Ketika ditanyai tentang kasus ini, Saidykhan mengatakan dalam sebuah wawancara bahwa berkas kasus telah ditransfer ke ibu kota, Banjul, sekitar 16 mil jauhnya, dan menolak untuk menjawab pertanyaan lain. Di markas polisi di Banjul, jurnalis Post diarahkan ke pejabat pers, yang tidak memiliki informasi tentang kasus tersebut.
Seorang ‘wanita baik’
Pekan lalu, Fatou dan Sirreh berada di audiens ketika Baldeh menyajikan temuannya dari organisasinya, Women in Liberation & Leadership, yang disiapkan dalam kaitannya dengan perdebatan parlemen mengenai FGM. Mendesak agar larangan tersebut dipertahankan, Baldeh menggambarkan kematian yang disebabkan oleh potongan yang dilaporkan.

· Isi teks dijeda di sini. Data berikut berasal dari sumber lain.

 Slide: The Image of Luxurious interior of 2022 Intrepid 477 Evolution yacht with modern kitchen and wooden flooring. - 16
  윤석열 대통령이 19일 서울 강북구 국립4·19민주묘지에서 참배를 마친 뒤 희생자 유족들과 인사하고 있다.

Fatou merasakan air mata mulai merembes dan jatuh. “Bagaimana jika anak saya meninggal dan saya tidak ada di sekitarnya?” katanya kemudian dalam air mata segar. “Apa yang akan mereka katakan padaku?”

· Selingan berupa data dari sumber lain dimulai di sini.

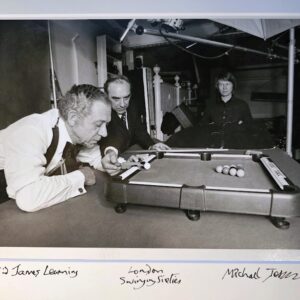 Sid James playing pool on a mini table, test-print for an advert by Michael Joseph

Untuk saat ini, kasus Fatou tampaknya telah mandek, setelah berbulan-bulan tanggal sidang dibatalkan dan panggilan kepada polisi.
Fatty, sang imam yang mempromosikan pencabutan larangan, tampaknya merujuk pada kisah Fatou dalam sebuah khotbah pada awal tahun ini, mengatakan bahwa seorang wanita yang membawa suaminya ke pengadilan seharusnya “malu.” Fatty membandingkan kisahnya dengan cerita seorang “wanita baik” yang menolak membawa suaminya ke pengadilan bahkan setelah dia dipukul begitu keras sehingga dia kehilangan empat gigi.
Fatou telah mencoba untuk menyingkirkan tekanan dan mengabaikan tatapan yang kadang-kadang dia dapatkan. Sebaliknya, dia fokus pada kepentingan putrinya. Dia tahu seberapa besar Nyimsin mencintai ayahnya dan telah mendengar dia berharap agar ayahnya tidak “dikurung.” Tetapi Fatou juga masih yakin bahwa putrinya layak mendapatkan keadilan dan bahwa hukum harus diterapkan — untuk kepentingan semua gadis Gambia.
Secara keseluruhan, dia berdoa agar Nyimsin tidak menderita komplikasi seperti banyak wanita lainnya. Tetapi jika terjadi komplikasi, kata Fatou, dia akan selalu ada untuk putrinya dan mereka akan menghadapinya bersama-sama.
Ramatoulie Jawo turut berkontribusi dalam laporan ini.